- **DATA BELOW**:

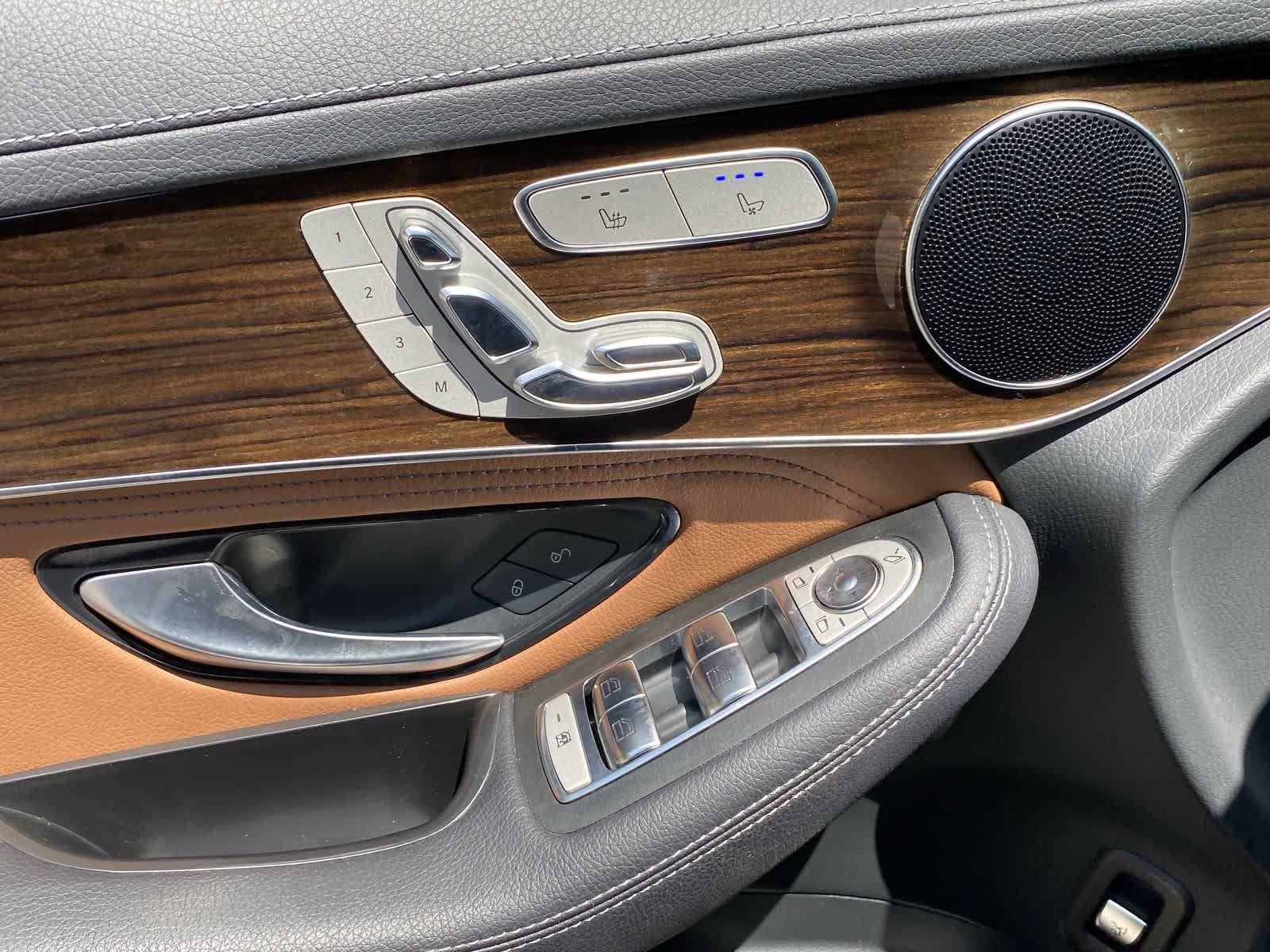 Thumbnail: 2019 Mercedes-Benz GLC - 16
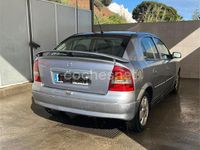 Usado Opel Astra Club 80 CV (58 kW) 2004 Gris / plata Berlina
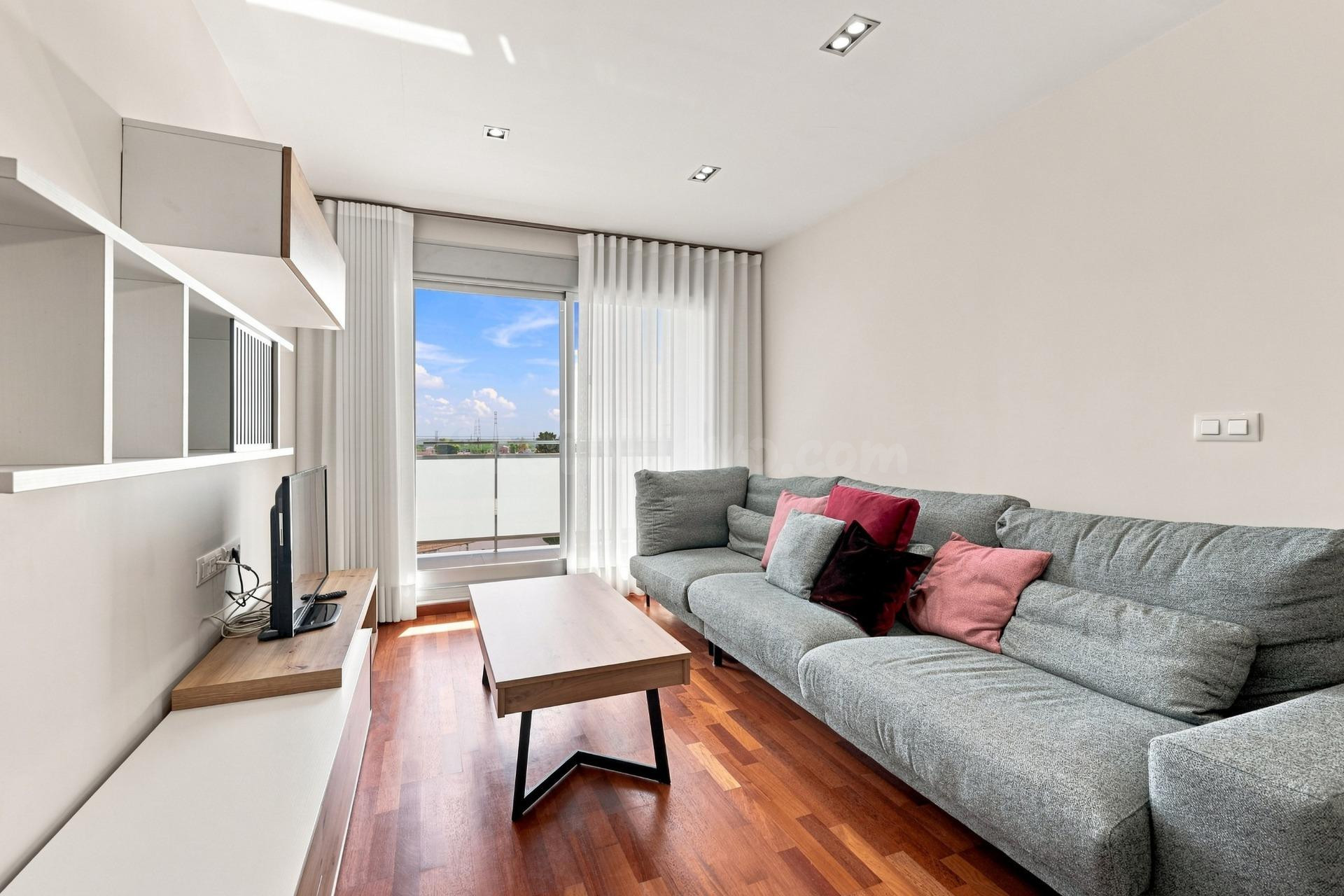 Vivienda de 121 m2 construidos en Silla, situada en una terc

- **ASSIGNMENT**: Without the pictures, retype all of the data above exactly.

- **FINAL ANSWER**:
 Thumbnail: 2019 Mercedes-Benz GLC - 16
 Usado Opel Astra Club 80 CV (58 kW) 2004 Gris / plata Berlina
 Vivienda de 121 m2 construidos en Silla, situada en una terc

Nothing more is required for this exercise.